I discenti attraverso tale metodo si sono impegnati ad osservare la realtà, a rielaborare ciò che li circondava, grazie ad un approccio plurisensoriale ed a spunti creativi senza costrizioni.

L’attuazione del laboratorio è partita da due motivazioni fondanti: facilitare forme adeguate di   socializzazione e gestire i comportamenti problema diminuendone la frequenza.

Si è deciso di allestire un’aula angusta priva di qualsiasi sussidio multimediale che è risultata fondamentale per i piccoli discenti in quanto hanno potuto rielaborare la realtà circostante con libere espressioni utilizzando materiali di varia provenienza e riciclati per la realizzazione di prodotti grafici, plastici e pittorici.
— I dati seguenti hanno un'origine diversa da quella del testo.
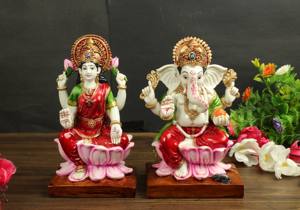 Statue de Laxmi Ganesh en résine multicolore artisanale de Nirmala Handicrafts, décoration pour la maison et le temple, idole de lotus colorée du Rajasthan - Product Image 2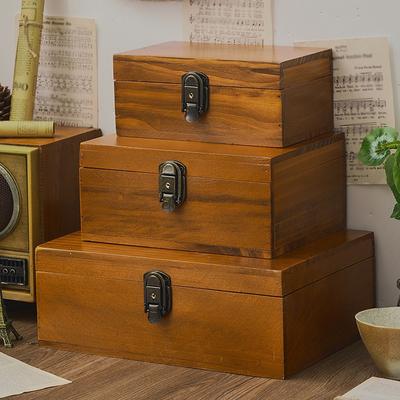 1pc S/M /L Size Retro Wood Desktop Jewelry&antique Storage Box with Safety Lock,souvenir&recipe books&Precious Books Collect Wood Box.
Tale percorso laboratoriale è partito dall’analisi dei bisogni formativi degli alunni disabili e non,   attuandosi sulla base di un progetto strutturato in linea con il PTOF.

Il laboratorio si è sviluppato nel corso dell’anno scolastico alternandosi ad altre attività curricolari, articolandosi in tre fasi:

 

  • Prima esperienza: si è partiti dalla lettura di storie, racconti e leggende programmati sulla base di uno sfondo integratore attorno al quale sono confluite le diverse attività progettate. “L’Inverno“ è stata la prima tematica affrontata attraverso le letture dei seguenti testi: “Cappuccetto Bianco” di B. Munari; “Mago Inverno”, “Gioacchino: il pupazzo di neve”, “La leggenda del fiocco di neve” “La leggenda dei giorni della merla”.

 Successivamente il tema del Carnevale è stato supportato dalla lettura del racconto “Il Re Carnevale” e da  drammatizzazioni di brevi e divertenti recite relative alla Commedia dell’Arte quali “Bugie”, “Marionette in libertà”, ”Arlecchino e Pantalone” con conseguente costruzione di alcune marionette della Commedia dell’Arte e di un teatrino .

Altro spunto di riflessione da cui si è partiti per organizzare e pianificare altre attività relative alla tematica Primavera sono stati i racconti di: “Cappuccetto verde” di B. Munari;” Albero Alberto”, “Prato fiorito”, “Uccellino aquilone”, “Carletto e l’amico Bruchetto”, “La nascita del tulipano”, “Il Bruco e la Lumaca”, “Zoe e i fantastici viaggi in mongolfiera”.

A conclusione del percorso laboratoriale è stata programmata l’attività intitolata “Aspettando l’estate” durante la quale sono stati letti racconti relativi alla vita che anima i fondali marini dal titolo “La vetrata sul mare” e “Il bambino e la stella marina” proseguendo con la lettura di fiabe quali: “I gemelli Stranucci”, “La triglia di Battipaglia”, “Il pesce Arcobaleno”, “Lucina”, “La sogliola vanitosa”.

  • Seconda esperienza: si sono accostati e incollati i vari materiali: (filati, plastica, bottoni, schiuma da barba, materiali commestibili come pop – corn, sale, zucchero, pasta… ) per realizzare quadri tattili e lavori grafico – pittorici individuali e di gruppo a carattere interdisciplinare.
  • Terza esperienza: si è attuata la rielaborazione verbale delle storie ascoltate attraverso il teatrino delle marionette con lo scopo di far manifestare ai piccoli discenti le proprie emozioni e sensazioni.

Tale intervento progettuale ha facilitato forme adeguate di socializzazione avvicinando gli studenti al lavoro cooperativo e alla finalizzazione di un progetto comune, condiviso e coordinato.